Currently args must be JSON serializable (ish), but you can workaround as follows:

const ICONS = {
  PencilIcon,
  TrashcanIcon,
  DownloadIcon,
  ArrowIcon,
};

export default {
  ....,
  argTypes: {
    iconName: {
        control: {
          type: "select",
          options: Object.keys(ICONS)
        },
    },
  }
}

Then in your story you can do whatever you want with it:

const Template = ({ iconName, ...rest }) => {
  const icon = ICONS[iconName];
  return <MyComponent icon={icon} />;
}

More info: https://storybook.js.org/docs/react/essentials/controls#fully-custom-args

1reaction
Marklbcommented, Aug 29, 2020

From my understanding of what it going on, it seems like the argTypes are getting serialized by telejson when sent to the controls, which is losing parts of the React object during that serialization/deserialization. I have noticed this with various other object types in Angular as well.

If I am correctly understanding what is going on, these questions may help direct this issue at the problem that needs solving.

  • Even though telejson supports classes and functions, there are things that can’t be serialized, but is there a way that it could predict when a serialization will not be able to deserialize correctly?
  • Is it a bug or expected that a React component doesn’t correctly revive from telejson’s serialization?

After looking into what is happening, it seemed obvious why it would fail, but I don’t see a clear solution. If telejson can recognize properties that will not revive correctly, then maybe those could be mapped to a reference and back to the object instance when returning from controls to the story. Deciding what unserializable props are actually an error, since their whole value is need by the control, could be difficult to determine though. I implemented a custom control that could toggle features of a FormControl in Angular, but the FormControl instance couldn’t survive the serialization, so I had to use of sort of hacky solution to make sure the changes were reflected on the FormControl instance in the story’s iframe.
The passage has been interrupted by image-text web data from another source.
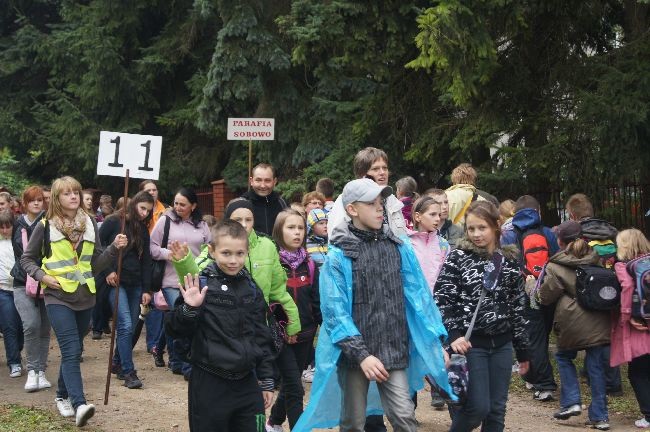 Pielgrzymka dzieci do Rostkowa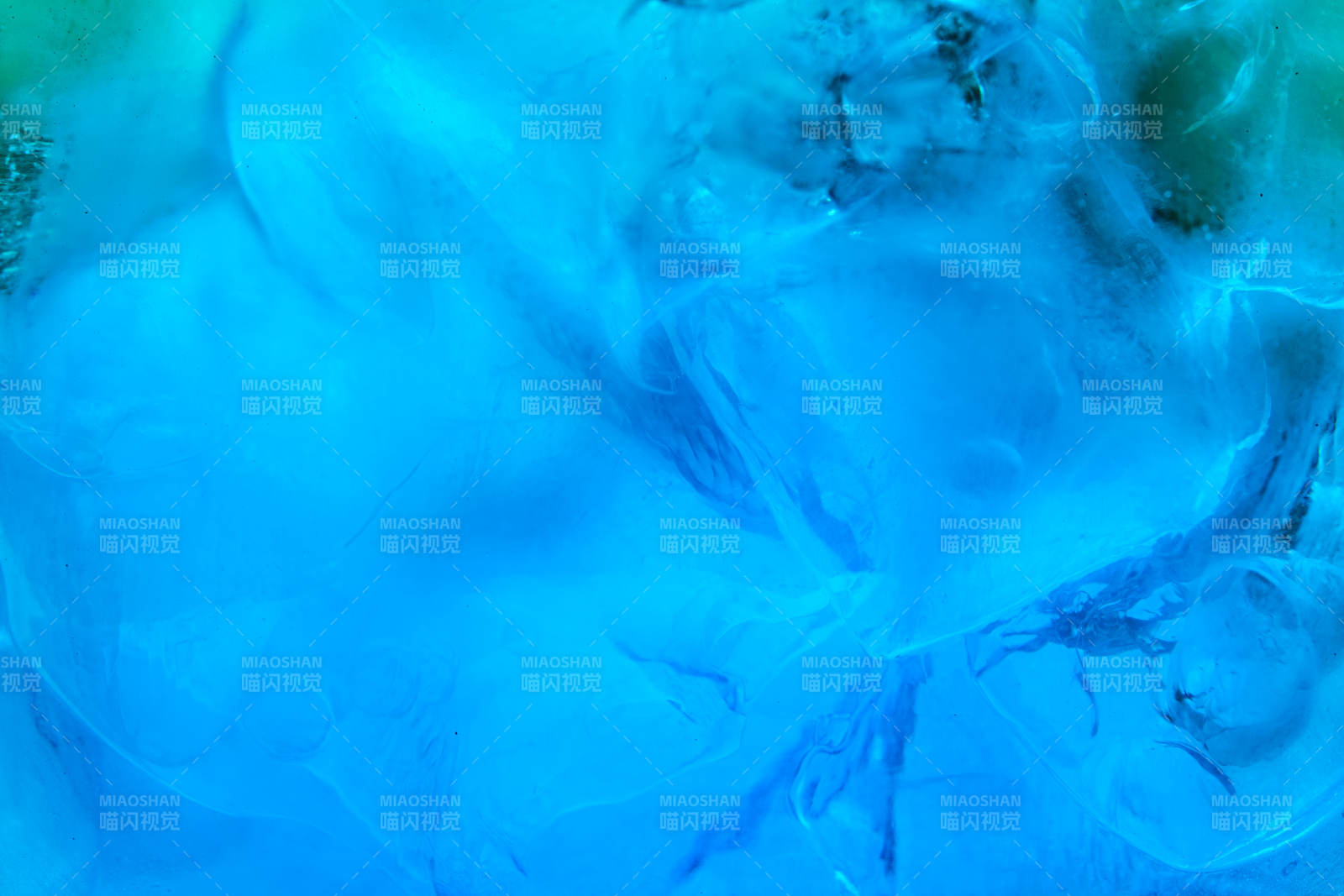 酒杯中的调制鸡尾酒局部特写抽象表达图片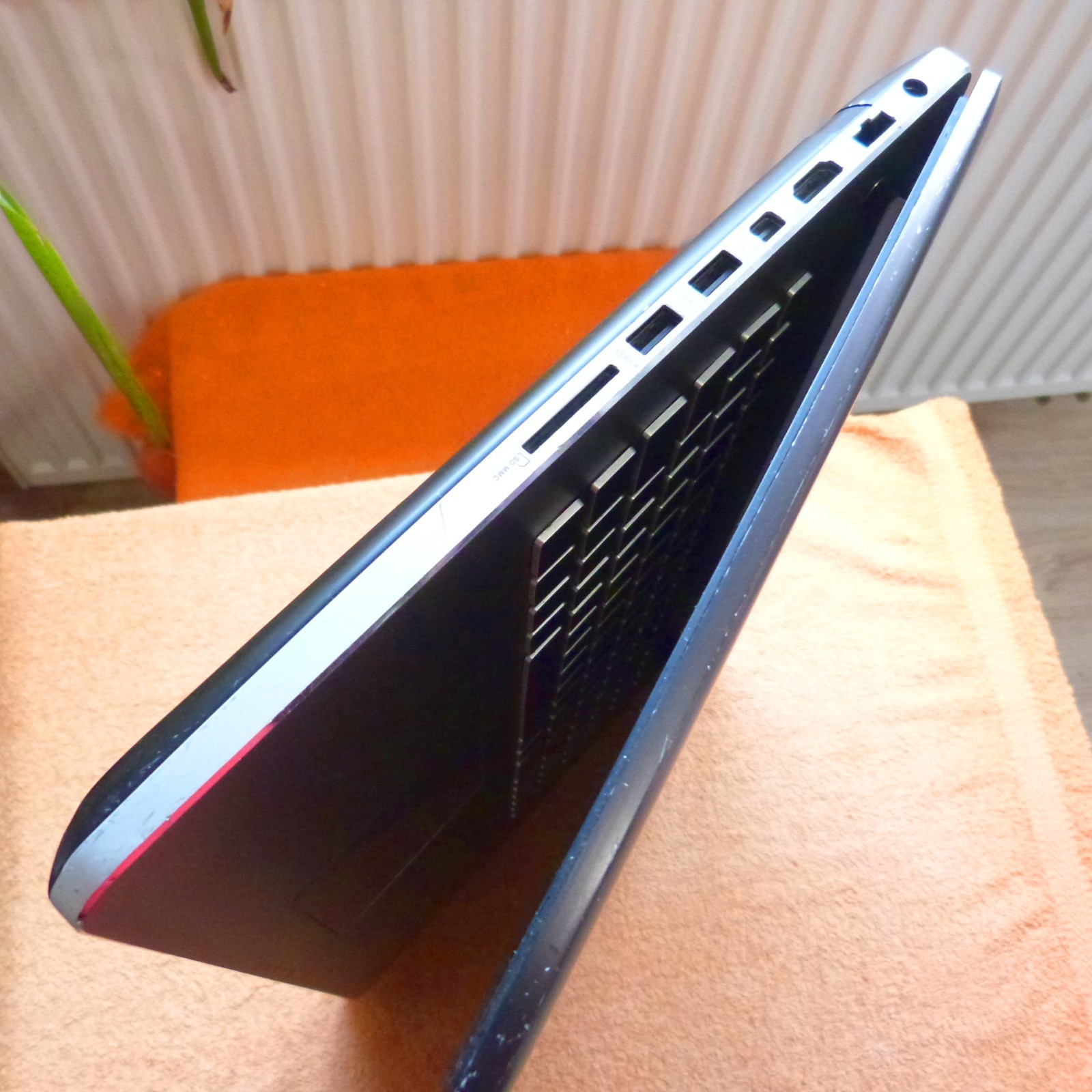 Asus N750 VivoBook Premium METAL 17″ FULLHD BLURAY l SSD Windows 11 QUAD i7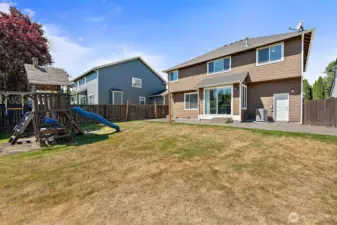 Great Backyard - No one behind! Large patio!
That was just to see if I could make controls work for a component input like that, but I don’t know if it is a valid feature that it should support.

@inginging If you just want a workaround, you can keep the React components from being serialized by using a reference in the control. It doesn’t look as good, but should at least work. Example:

import React from "react";
import { Button } from "../src/";
import {
    PencilIcon,
    TrashcanIcon,
    DownloadIcon,
    ArrowIcon,
} from "../../icons/src";

const iconMap = { PencilIcon, TrashcanIcon, DownloadIcon, ArrowIcon }

export default {
    title: "Buttons",
    component: Button,
};

export const button = (args) => {
    const icon = iconMap[args.icon]
    return <Button {...args, icon} />;
};

button.argTypes = {
    text: {
        name: "text",
        type: { name: "string", required: true },
        defaultValue: "Button",
        description:
            "You can either pass children or text as a string, not both.",
        control: "text",
    },
    children: {
        description:
            "You can either pass children or text as a string, not both",
    },
    icon: {
        control: {
            type: "select",
            options: {
                PencilIcon: 'PencilIcon',
                TrashcanIcon: 'TrashcanIcon',
                DownloadIcon: 'DownloadIcon',
                ArrowIcon: 'ArrowIcon',
            },
        },
    },
};

I was helping someone with this same problem on Discord the other day, which had also been asked in a closed issue, https://github.com/storybookjs/storybook/issues/10954#issuecomment-681975347. That issue has a solution that says it was fixed, but from what I can tell it wasn’t fixed. It’s solution didn’t throw an error, but also didn’t look fixed, because it doesn’t look like it is even trying to use the selected value in the solution.